We turn next to Henry’s argument that his 110-month sentence was substantively unreasonable because “the district court failed to adequately account for the defendant’s history and characteristics.” Def. Br. 20. We will “set aside a district court’s substantive determination only in exceptional cases where the trial court’s decision cannot be located within the range of permissible decisions.” Cavera, 550 F.3d at 189 (internal quotation marks and emphasis omitted). “As long as the judge is aware of both the statutory requirements and the sentencing range or ranges that are arguably applicable, and nothing in the record indicates misunderstanding about such materials or misperception about their relevance, we will accept that the requisite consideration has occurred.”United States v. Fleming, 397 F.3d 95, 100 (2d Cir. 2005).
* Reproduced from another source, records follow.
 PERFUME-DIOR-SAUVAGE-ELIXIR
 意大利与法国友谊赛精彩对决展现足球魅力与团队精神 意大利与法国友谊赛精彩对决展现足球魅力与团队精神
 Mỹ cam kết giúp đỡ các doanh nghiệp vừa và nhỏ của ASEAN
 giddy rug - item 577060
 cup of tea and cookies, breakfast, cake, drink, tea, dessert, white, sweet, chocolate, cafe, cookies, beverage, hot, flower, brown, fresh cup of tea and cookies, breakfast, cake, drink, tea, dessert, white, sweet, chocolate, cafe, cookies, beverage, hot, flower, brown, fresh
As an initial matter, Henry’s offense conviction, conspiracy to distribute and possess with intent to distribute five hundred grams or more of cocaine, carries a statutory maximum penalty of forty years of imprisonment. See 21 U.S.C. §§ 841(a)(1), (b)(1)(B), 846. Therefore, the 110-month sentence that the district court imposed was approximately thirty years less than the statutory maximum. As a result of the court’s grant of the government’s U.S.S.G. § 5K1.1 motion for a six-level departure, Henry’s sentence was also seventy-eight months below the bottom of the Guidelines range of 188 to 235 months.

Page 5

Henry argues that his sentence was nonetheless “substantively unreasonable because it exceeded the range set by the factors listed in 18 U.S.C. § 3553(a).” Def. Br. 20. He refers to his “minor role in the offense, his mental health condition, the length of time between his prior qualifying convictions, the non-violent nature of the instant offense, and his steps at rehabilitation.” Id. These factors, Henry asserts, “dictated a sentence well below the range resulting from the substantial assistance departure from the career offender guideline.” Id.
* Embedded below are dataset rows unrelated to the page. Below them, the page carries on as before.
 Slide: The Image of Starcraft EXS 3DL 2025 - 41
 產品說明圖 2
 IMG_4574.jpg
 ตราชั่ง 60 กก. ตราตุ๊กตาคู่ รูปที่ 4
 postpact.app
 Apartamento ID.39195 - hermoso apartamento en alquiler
Although Henry stresses that his role in the offense was “quite minimal,” id. at 21, the probation office concluded that Henry’s role did not warrant a downward adjustment, and Henry’s counsel did not object to the Guidelines calculations or facts set forth in the presentence report. As for counsel’s argument that a significant length of time had elapsed since Henry’s first-degree rape convictions, there is no dispute that Henry has a long history of committing violent and egregious crimes against female victims. Insofar as counsel suggests that Henry has taken “steps [toward] rehabilitation,” id.
at 20, Henry pleaded guilty to having conspired to distribute cocaine in December 2008, just over one year after he was released from prison and placed on lifetime parole. In fact, Henry was on parole at when he committed the cocaine offense, and he engaged in cocaine trafficking on more than one occasion.
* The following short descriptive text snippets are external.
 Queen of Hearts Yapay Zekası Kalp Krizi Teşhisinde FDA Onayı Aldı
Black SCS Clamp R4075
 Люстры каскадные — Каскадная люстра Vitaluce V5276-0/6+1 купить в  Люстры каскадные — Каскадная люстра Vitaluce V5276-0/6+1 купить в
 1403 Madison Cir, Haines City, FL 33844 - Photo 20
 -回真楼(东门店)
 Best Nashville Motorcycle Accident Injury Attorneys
In any event, the district court expressly “reviewed and considered all the pertinent information including, but not limited to, the Presentence Investigation Report, the addendum, the submissions by counsel[,] . . . the factors that are outlined in 18 U.S.C. § 3553(a), and . . . the sentencing guidelines,” as well as mitigating factors advanced by Henry’s counsel, in determining that the career-offender Guideline was “fair” in Henry’s case. App. 30. Although the court did not address on the record each argument raised by defense counsel, we do not “impose any rigorous requirement of specific articulation on sentencing judges.” United States

Page 6

v. Verkhoglyad, 516 F.3d 122, 131 (2d Cir. 2008) (internal quotation marks omitted). Here, the district court fulfilled the requirements of § 3553(a) by stating that it had considered defense counsel’s arguments. It indeed made clear that absent Henry’s substantial cooperation and the mitigating factors identified by counsel, it “would have considered sentencing [Henry] at the top of the guideline range in an effort to protect society.” App. 31. Accordingly, considering all of the circumstances, we conclude that Henry’s 110-month sentence is reasonable.

We have considered Henry’s remaining arguments and find them to be without merit. For the reasons stated herein, the judgment of the district court is AFFIRMED.